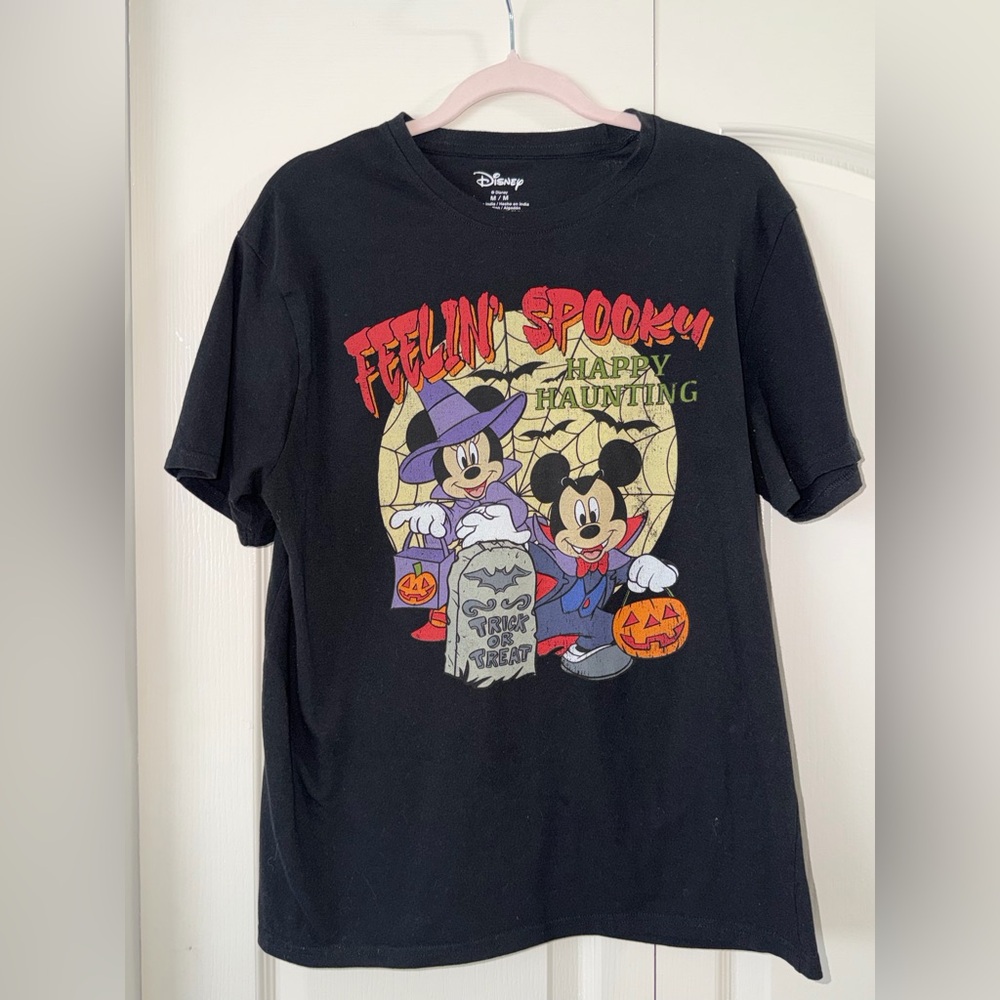 Disney Halloween T shirt medium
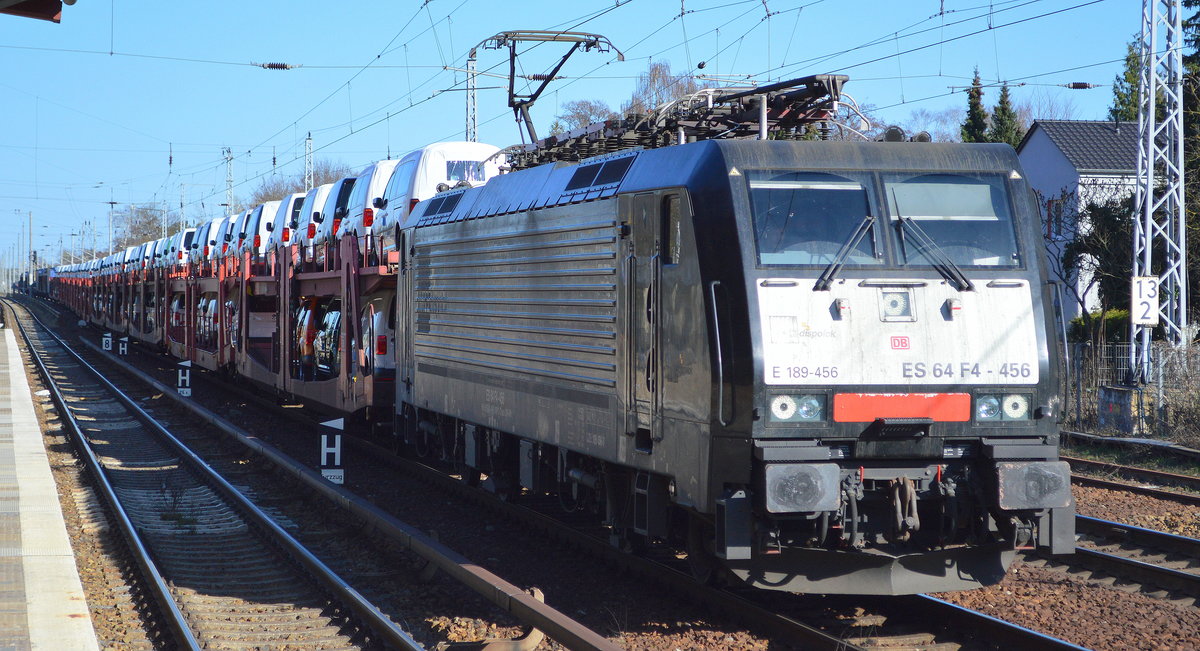DB Cargo Deutschland AG mit der polnischen MRCE Dispo  ES 64 F4-456   [NVR-Nummer: 91 51 5170 030-8 PL-DISPO] und PKW-Transportzug (VW Nutzfahrzeuge aus polnischer Produktion) am 01.04.19 Berlin-Hirschgarten.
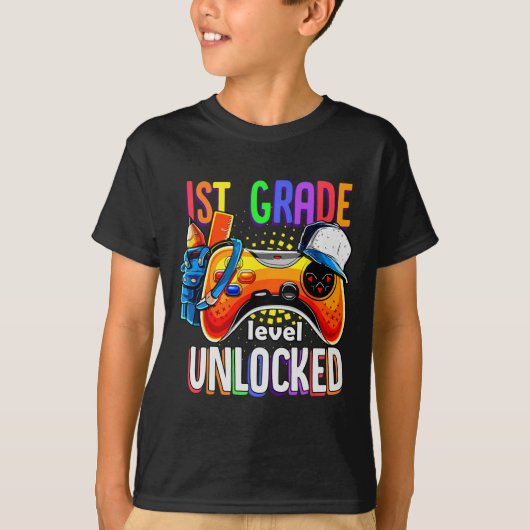 ゲーマーCkトゥースクールゲームパッド 最初の小学校1年生 Tシャツ (正面)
━━━━━━━━
* [AIM OF THE EXERCISE]:
Nothing but the lines from the first line of the listing above to the line containing "DB Cargo Deutschland" should appear in the answer, each one exact and with no pictures.

* [ANSWER SPACE]:
 Disney Halloween T shirt medium
DB Cargo Deutschland AG mit der polnischen MRCE Dispo  ES 64 F4-456   [NVR-Nummer: 91 51 5170 030-8 PL-DISPO] und PKW-Transportzug (VW Nutzfahrzeuge aus polnischer Produktion) am 01.04.19 Berlin-Hirschgarten.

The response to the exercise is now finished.